Fire impacts structures

UPDATE: 9:30 p.m.

The BC Wildfire Service says some structures, likely outbuildings, have been impacted by the Snowy Mountain wildfire.

An update late Saturday evening says "details are forthcoming" on impacted structures. Fire information officer Bob Cunneyworth says at this point, it's believed no homes have been impacted by the fire, and adds further details should be known on Sunday.

Crews had more favourable weather at the fire today, with cooler temperatures and some rain.

Cunneyworth says, however, crews are wary of night winds, which he says have caused problems the past couple nights.

There are now 80 firefighters battling the blaze, as well as three helicopters and four pieces of heavy equipment. 

"Crews continued to work on the southeast flank to protect adjacent properties, and are also positioned on the northwest flank to tie the fire perimeter into rocky slopes to keep it wrapping around the mountain towards the Keremeos area," an update from the BCWS says.

The fire is still mapped at 10,911 hectares in size, making it the largest fire currently burning in B.C. 


ORIGINAL: 10:20 a.m.

It was a rough night on the Snowy Mountain fire line.

Not only did persistent winds drive the flames, but two new fires in the area forced officials to divert resources to put those fires out before they became too large.

BC Wildfire Service Fire Information Officer Claire Allen said the growing fire resulted in an evacuation order for 21 homes.

“It was really busy and aggressive fire activity for our crews that were out there last night,” said Allen, adding the fire is “active during the day and just as active at night.”

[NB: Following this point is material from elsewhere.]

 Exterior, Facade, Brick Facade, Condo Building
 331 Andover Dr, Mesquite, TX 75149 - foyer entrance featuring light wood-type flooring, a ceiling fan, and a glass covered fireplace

Allen said the Lower Similkameen Indian Band issued an evacuation order for 21 properties in the Chopaka Road area.

“There is still wide-spread evacuation alerts as well,” she said.

BCWS crews were working with the Keremeos Fire Department in the evacuation area to prioritize life and safety first.

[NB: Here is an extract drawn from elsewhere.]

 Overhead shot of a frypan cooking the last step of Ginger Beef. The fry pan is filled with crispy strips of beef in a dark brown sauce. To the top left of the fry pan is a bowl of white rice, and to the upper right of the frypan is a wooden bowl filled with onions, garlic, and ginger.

“Additional resources were sent, so we had some initial attack crews and officers out of Penticton as well as some staff from the BC Wildfire Service incident management team,” she said.

As of Friday, the fire was estimated to be 10,911 ha, but Allen expects that number will grow today after last night's fire activity.

“Terrain is always a challenge on this fire, there are very steep slopes, but the winds really were the factors that caused so many issues for crews last night,” said Allen. “The winds have been unpredictable both when they are going to start as well as the speed at which they are going to come, so we did have winds coming down slope and from the north at at least 30 km/h last night sustained. We saw very aggressive fire behaviour. It is burning in a southward direction toward the U.S. border.”

To add to the existing challenges, two more fires were reported near the Snowy Mountain Fire.

Allen said the fires are not related to the Snowy Mountain Fire, but were two new fires.

“Our crews that were working the night shift were reassigned to provide that initial attack suppression to extinguish those fires while they are still small,” she said. “It was certainly a challenging night.”
Allen said the cause of the two new fires in under investigation.

Crews will continue to battle the Snowy Mountain fire around the clock.